(Entries taken from a collection)

=== Begin Enclosure ===

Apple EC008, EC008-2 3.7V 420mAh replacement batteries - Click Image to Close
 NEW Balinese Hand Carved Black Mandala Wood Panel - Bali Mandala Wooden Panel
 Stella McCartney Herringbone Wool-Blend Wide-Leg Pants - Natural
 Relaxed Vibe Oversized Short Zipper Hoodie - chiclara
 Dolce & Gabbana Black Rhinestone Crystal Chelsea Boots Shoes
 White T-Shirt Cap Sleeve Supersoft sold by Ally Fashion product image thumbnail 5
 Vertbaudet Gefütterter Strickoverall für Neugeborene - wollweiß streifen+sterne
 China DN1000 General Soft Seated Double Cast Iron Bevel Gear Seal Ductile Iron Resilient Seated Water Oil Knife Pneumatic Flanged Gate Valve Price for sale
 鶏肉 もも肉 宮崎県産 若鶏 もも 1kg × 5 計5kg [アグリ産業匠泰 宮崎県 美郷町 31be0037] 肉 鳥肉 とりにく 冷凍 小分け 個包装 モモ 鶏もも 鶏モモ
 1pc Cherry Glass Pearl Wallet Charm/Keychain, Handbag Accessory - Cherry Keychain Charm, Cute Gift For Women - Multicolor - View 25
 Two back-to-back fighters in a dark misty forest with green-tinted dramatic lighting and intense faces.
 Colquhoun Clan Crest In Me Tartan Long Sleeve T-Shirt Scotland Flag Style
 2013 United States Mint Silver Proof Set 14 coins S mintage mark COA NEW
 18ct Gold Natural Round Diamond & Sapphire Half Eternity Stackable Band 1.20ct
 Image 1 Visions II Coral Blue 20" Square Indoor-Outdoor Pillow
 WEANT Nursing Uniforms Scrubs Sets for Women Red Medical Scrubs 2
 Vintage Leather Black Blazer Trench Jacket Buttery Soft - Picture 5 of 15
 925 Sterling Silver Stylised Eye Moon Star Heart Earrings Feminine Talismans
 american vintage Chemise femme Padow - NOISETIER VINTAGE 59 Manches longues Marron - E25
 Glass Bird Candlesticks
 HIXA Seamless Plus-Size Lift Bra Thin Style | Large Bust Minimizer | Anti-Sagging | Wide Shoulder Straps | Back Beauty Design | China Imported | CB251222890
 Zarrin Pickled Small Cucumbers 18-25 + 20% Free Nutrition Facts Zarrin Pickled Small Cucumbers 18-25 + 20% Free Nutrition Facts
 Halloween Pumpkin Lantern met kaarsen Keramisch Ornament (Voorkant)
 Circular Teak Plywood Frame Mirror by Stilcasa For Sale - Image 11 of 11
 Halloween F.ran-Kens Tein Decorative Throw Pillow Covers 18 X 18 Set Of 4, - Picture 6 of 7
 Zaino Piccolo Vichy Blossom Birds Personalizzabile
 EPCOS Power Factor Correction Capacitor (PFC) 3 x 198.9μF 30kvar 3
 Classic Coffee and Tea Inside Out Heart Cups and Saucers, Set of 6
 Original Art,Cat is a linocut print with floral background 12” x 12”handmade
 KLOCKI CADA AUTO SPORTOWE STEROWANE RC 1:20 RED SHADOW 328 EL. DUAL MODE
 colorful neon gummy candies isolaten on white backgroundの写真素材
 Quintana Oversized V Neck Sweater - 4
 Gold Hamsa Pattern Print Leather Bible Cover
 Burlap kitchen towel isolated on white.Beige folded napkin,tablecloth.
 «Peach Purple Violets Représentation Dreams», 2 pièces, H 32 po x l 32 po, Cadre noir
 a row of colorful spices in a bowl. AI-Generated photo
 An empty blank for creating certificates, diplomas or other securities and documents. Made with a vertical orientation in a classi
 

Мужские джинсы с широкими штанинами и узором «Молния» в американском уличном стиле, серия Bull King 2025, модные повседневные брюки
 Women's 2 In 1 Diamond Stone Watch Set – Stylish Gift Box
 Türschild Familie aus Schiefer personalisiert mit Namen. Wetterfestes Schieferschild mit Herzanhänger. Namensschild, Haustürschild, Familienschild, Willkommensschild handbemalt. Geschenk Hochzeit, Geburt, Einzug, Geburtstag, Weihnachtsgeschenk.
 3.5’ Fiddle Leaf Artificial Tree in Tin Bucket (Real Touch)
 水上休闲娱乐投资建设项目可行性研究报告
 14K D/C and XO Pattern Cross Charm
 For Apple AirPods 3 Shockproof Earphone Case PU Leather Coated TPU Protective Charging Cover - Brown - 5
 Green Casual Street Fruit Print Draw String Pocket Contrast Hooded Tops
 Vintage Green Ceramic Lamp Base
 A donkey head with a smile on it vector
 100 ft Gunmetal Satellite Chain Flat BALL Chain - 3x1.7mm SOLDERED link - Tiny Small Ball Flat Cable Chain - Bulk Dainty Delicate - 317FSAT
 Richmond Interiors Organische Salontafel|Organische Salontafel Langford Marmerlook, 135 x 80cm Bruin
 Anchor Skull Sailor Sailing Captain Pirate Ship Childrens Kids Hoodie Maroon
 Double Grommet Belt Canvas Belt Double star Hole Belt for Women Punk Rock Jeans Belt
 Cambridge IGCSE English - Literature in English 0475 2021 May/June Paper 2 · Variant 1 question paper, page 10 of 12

=== End Enclosure ===

→ **BRIEF**:
Going back to the entries above, set down exactly the lines that begin at the one with "Image 1 Visions" and end at the one with "Halloween F.ran-Kens Tein Decorative", both included, and nothing else.

→ **TASK ANSWER**:
 Image 1 Visions II Coral Blue 20" Square Indoor-Outdoor Pillow
 WEANT Nursing Uniforms Scrubs Sets for Women Red Medical Scrubs 2
 Vintage Leather Black Blazer Trench Jacket Buttery Soft - Picture 5 of 15
 925 Sterling Silver Stylised Eye Moon Star Heart Earrings Feminine Talismans
 american vintage Chemise femme Padow - NOISETIER VINTAGE 59 Manches longues Marron - E25
 Glass Bird Candlesticks
 HIXA Seamless Plus-Size Lift Bra Thin Style | Large Bust Minimizer | Anti-Sagging | Wide Shoulder Straps | Back Beauty Design | China Imported | CB251222890
 Zarrin Pickled Small Cucumbers 18-25 + 20% Free Nutrition Facts Zarrin Pickled Small Cucumbers 18-25 + 20% Free Nutrition Facts
 Halloween Pumpkin Lantern met kaarsen Keramisch Ornament (Voorkant)
 Circular Teak Plywood Frame Mirror by Stilcasa For Sale - Image 11 of 11
 Halloween F.ran-Kens Tein Decorative Throw Pillow Covers 18 X 18 Set Of 4, - Picture 6 of 7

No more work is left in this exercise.